A pesar de todo, fue feliz, así, ignorando que ella, aprovechándose de la mesmeridad de que era dueña, lo arrastró a sus pies para regodearse en el sádico juego que lo convirtió en el despreciable denominador de un quebrado impropio. Ignorando -en su papel de torpe minuendo- que, con su entrega y obsesión, cada día hacía más túrgida la silenciosa, pero taimada egolatría de aquella a quien llegó a considerar su “premio mayor”.

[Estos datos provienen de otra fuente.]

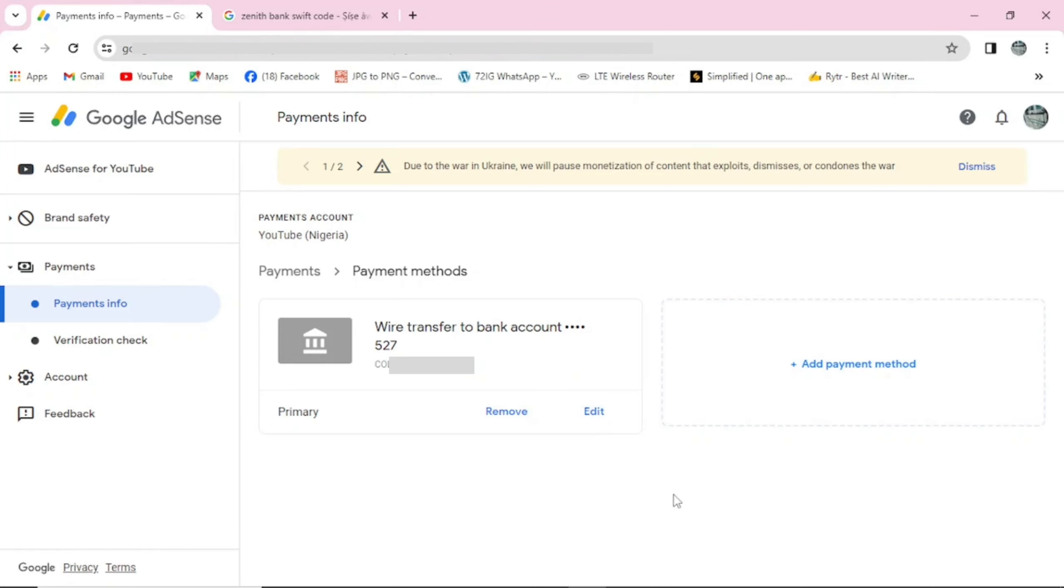So that's how you can actually add your bank or payment method on Google AdSense. Guys, if you found this video helpful after watching it, please make sure you click subscribe to my channel, like, share, and comment so that you will stay tuned in case I upload new videos. Thank you guys and see you in my next video. Bye.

Sí, fue un juego. ¿Para qué iba a negarlo? Fue un juego masoquista -para él-, cuestión deducida de que sus ganancias fueron sus propias pérdidas. Un juego de satisfactorias disminuciones en el que, en cada encuentro, ella -obrando en consonancia con su ínsita compulsión- le consumió, hasta agotarlas, las millonarias posibilidades de su humana multiplicación. Un juego que se volvió más placentero en la medida en que se lo reconoció más pecaminoso. Un juego que obligó preferir las culpas a frenar la sublime realización de los deseos.

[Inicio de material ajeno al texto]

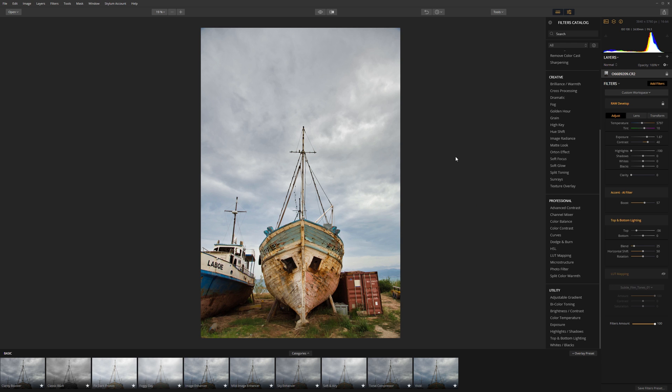This is Luminar 2018 from Skylum Software. Let me know your thoughts. Have you tried this before? There's a link to the software in the description. Have you tried it? What do you think of it? And if you haven't, then give it a go. It's worth taking a look, certainly if you do any kind of photo processing. Thanks for watching and I'll catch you soon. Bye-bye.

Treinta y nueve años mayor que ella, él olvidó la regla algebraica de que más por menos da menos (+x-=-) y que, por tanto, ese amor favorecía las divisiones y las restas, pero jamás las sumas. Se sumergió en la lujuria exponencial que -como ninfa desahuciada- ella le prodigaba, indistintamente, en fechas nones y fechas pares. Fue como un caluroso apareamiento entre Venus y Júpiter, fogosa expresión de una baja pasión que penetró en la médula hasta volver incontables los glóbulos blancos, y cada vez más escasos los glóbulos rojos, derivando así en la septicemia de los instintos y la angustiosa y aplásica anemia de aquello que él había llegado a llamar su “universo ontológico”. Él le reclamó las promesas debidas, y ella le contestó: “Las promesas son hechas para romperse un día”.